En s’accumulant dans le cerveau des animaux, l’oligonucléotide a provoqué une diminution de l’expression du gène de l’alpha-synucléine dans un certain type de neurones, ce qui, comme l’ont expliqué les scientifiques, stimule la Libération de dopamine et de sérotonine, améliorer la neurotransmission.

Les résultats facilitent la connaissance du rôle joué par l'alpha-synucléine au niveau physiologique et montrent que les symptômes de la maladie de Parkinson pourraient être retardés.
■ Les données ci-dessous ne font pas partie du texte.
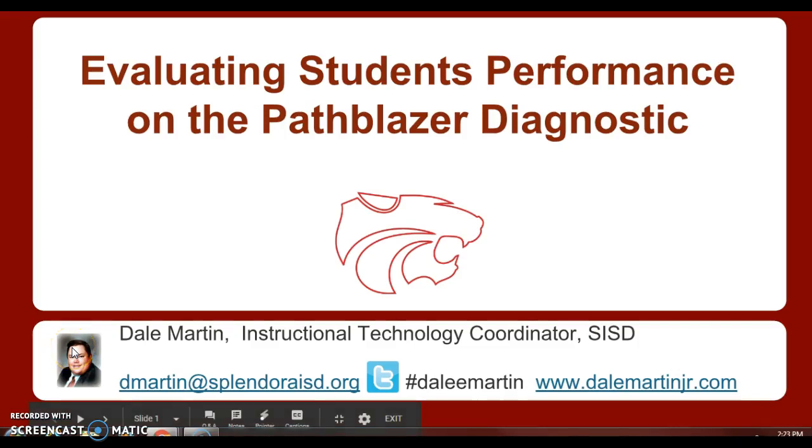Hello everyone, Dale Martin from Splendora Instructional Technology with another short video for you on Pathblazer.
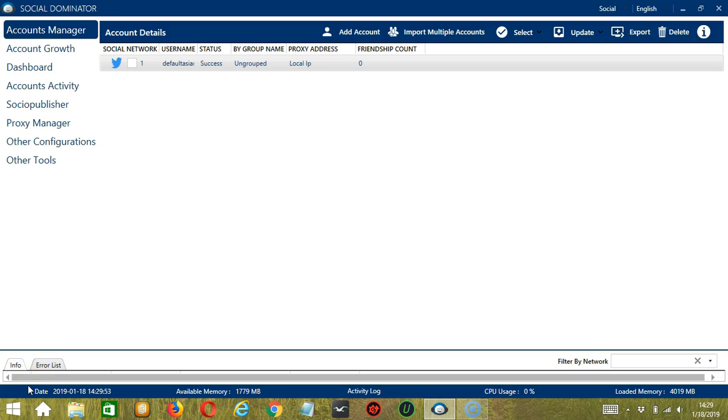Hello viewers! This is a tutorial on how to automate follow back on Twitter using Socinator. Following back followers is a great way to engage them.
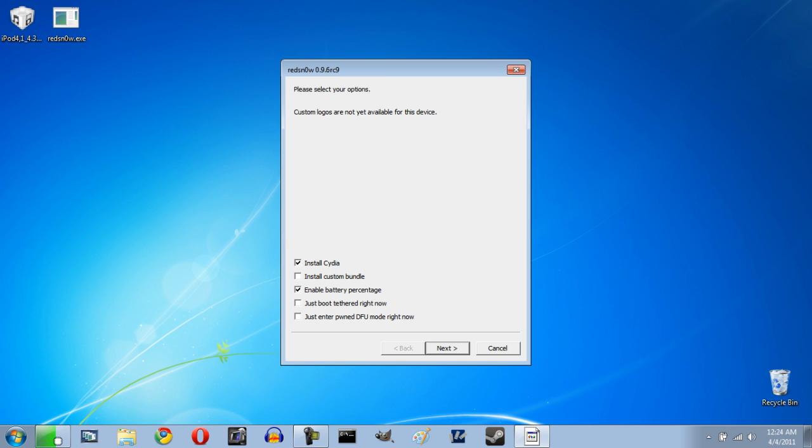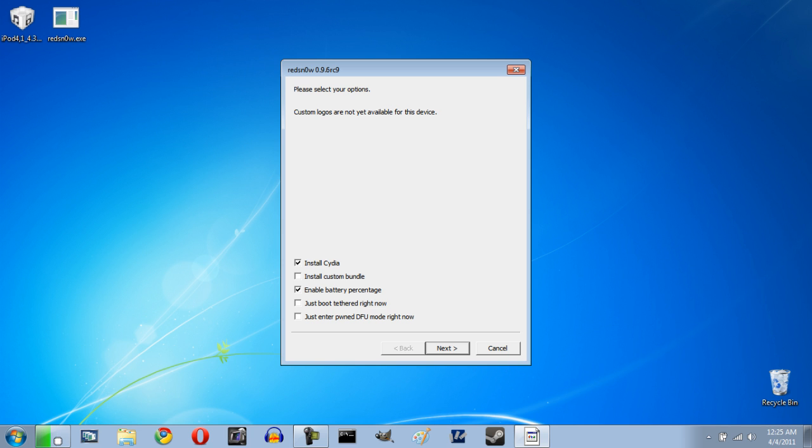There we go. And now it's going to provide us with a few options. Now this will vary a little bit between if you have an iPod or an iPad or whatever. The most important thing is to make sure that you install Cydia. That's obviously the whole goal of this. You can install custom bundles but that's only if you know what you're doing. That's not really necessary for most people. If you have an iPod touch you can enable battery percentage so you definitely want to do that. It also has options to boot tethered if you had a tethered jailbreak but of course that's not what this is so we don't need to worry about that. So now we can click next.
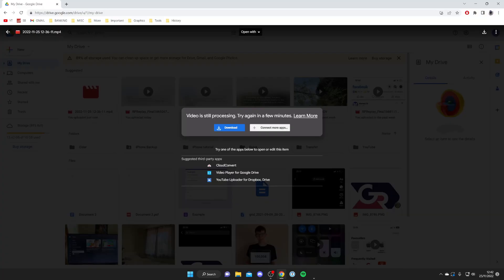So if it's processing for a long time this is because it's a big video in terms of size and possibly length as well. So don't worry about it because eventually this is just going to finish processing and you can watch it.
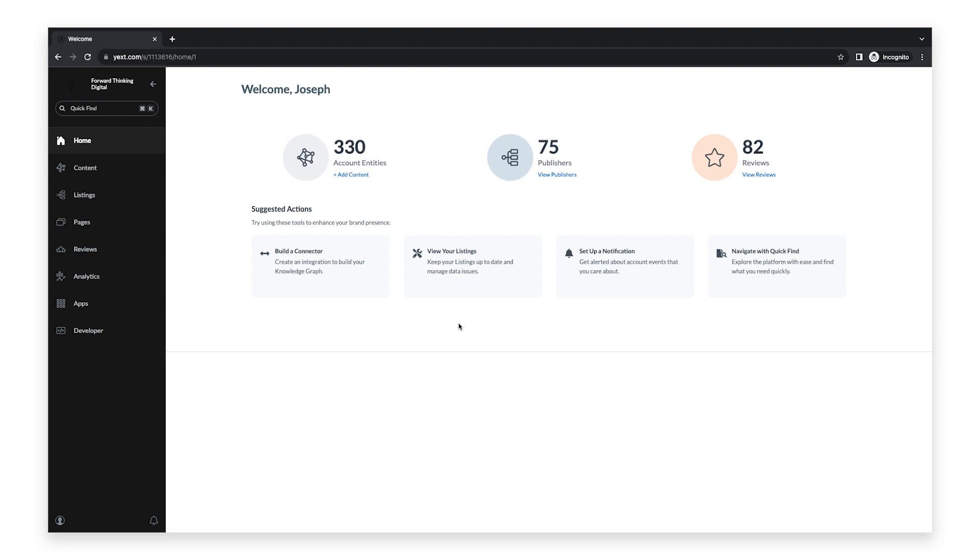The Search Tracker is a tool that runs a series of searches about your business based on keywords that you indicate and compiles the results so you can better understand how and when your business is appearing in search.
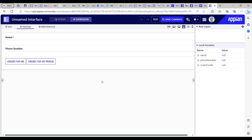Hello everyone, I hope you guys are doing amazing. Today we will learn the difference between validation and validation group. Most people get confused about when and why we use validation groups, and what is the purpose of using them — including me, to be honest. So today I am here to clear up all the confusions.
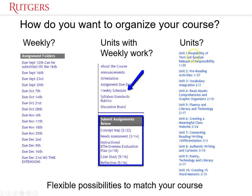Some professors like to use units instead. There's also the idea where you're going to have different projects due at different times, organized differently. It's whatever is working for your course, whatever you feel matches the flow best, and then you just start setting it up.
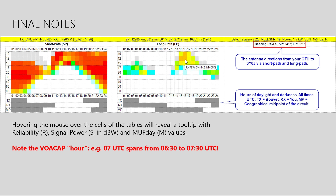Finally, an important note about the predicted times. When VOACAP says that propagation is good — for instance, at 7 hours UTC — it means a time period spanning from 6:30 to 7:30 UTC. Thank you for watching. Best of luck with working Bouvet using VOACAP. 73s.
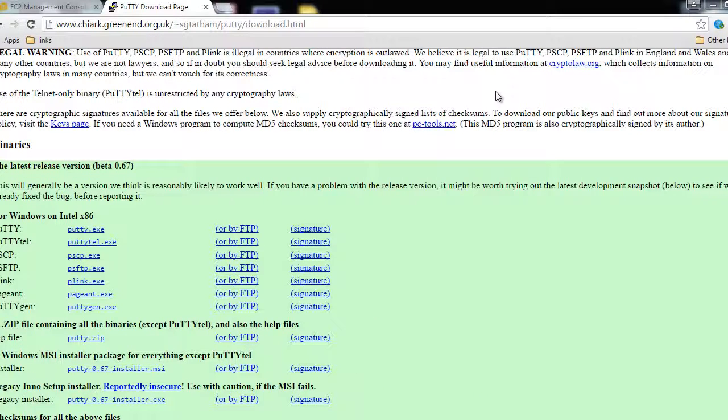So we will close it. This is how we generate a key pair for accessing our EC2 instances.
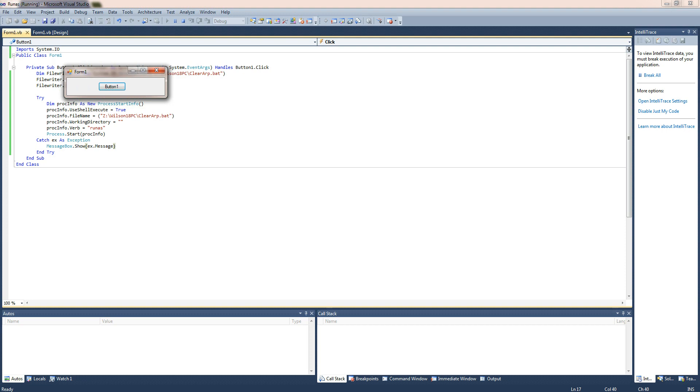So what that's done is it's generated a file and run it as an administrator. If you've already got a file you want to start up as an administrator, you can just change the directory to the executable or whatever you want it to run.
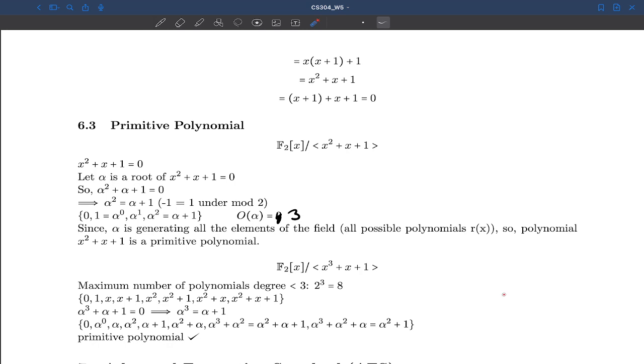That was all about primitive polynomials. I hope you now understand what a primitive polynomial is.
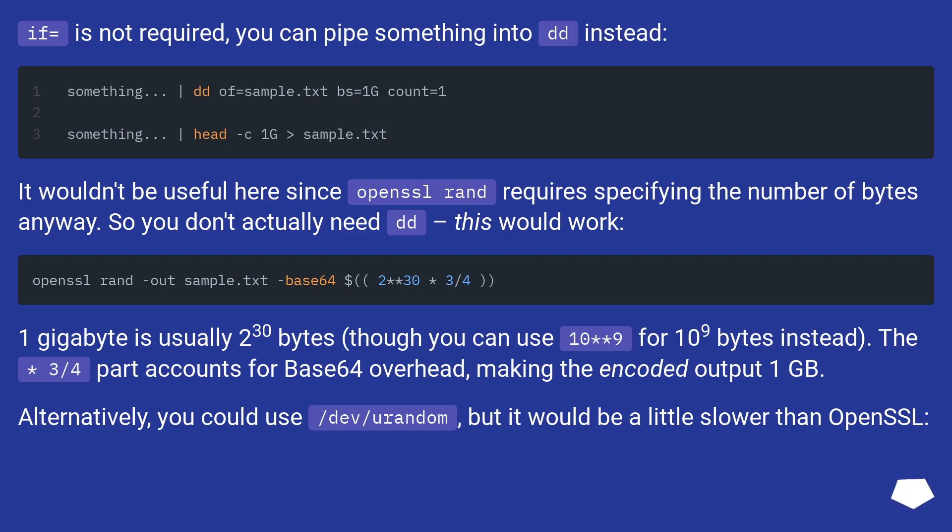1GB is usually 2^30 bytes, though you can use 10^9 for 10^9 bytes instead. The 3/4 part accounts for Base64 overhead, making the encoded output 1GB.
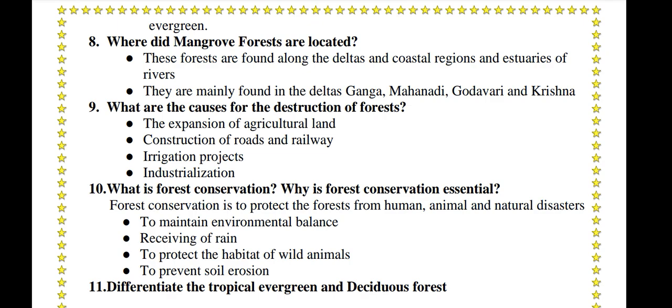What are the causes of destruction of forests? The expansion of agricultural land, construction of roads and railways, irrigation projects, and industrialization.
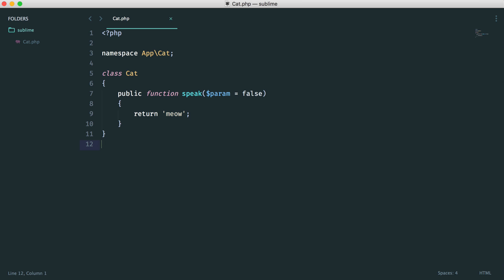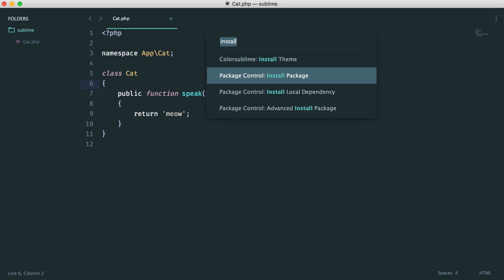Now we'll look at DocBlocker, which is a really nice way to generate DocBlocks. If you've not worked with DocBlocks before, these help to generate documentation, like API documentation for your projects. We're not going to dive too much into that, but we're going to look at DocBlocker and see how this can help us.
Retarder la progression des symptômes de Parkinson

La recherche, qui a été publiée dans Thérapie Moléculaire, et a été dirigé par Miquel Vila, chercheur à l'Institut de recherche du Vall d'Hebron (VHIR) et Analía Bortolozzi, chercheuse à l'équipe de neuropharmacologie et de neuropathologie expérimentale de l'Idibaps et de l'IIBBB-CSIC, sont toujours en phase préclinique, mais ses auteurs expliquent que leurs résultats facilitent la connaissance du rôle joué par l'alpha-synucléine au niveau physiologique et, surtout, démontrent que ces nouvelles approches thérapeutiques pourraient retarder la progression des symptômes de Parkinson.

Cela représente un progrès encourageant, car la maladie de Parkinson, qui touche plus de 1% de la population et est la maladie neurodégénérative la plus fréquente après la maladie d'Alzheimer, est incurable et que certains patients ne répondent pas au traitement utilisé pour améliorer les symptômes. .

 

 

[Conférence] E. DEJANA - Nouvelles stratégies thérapeutiques (Août 2019).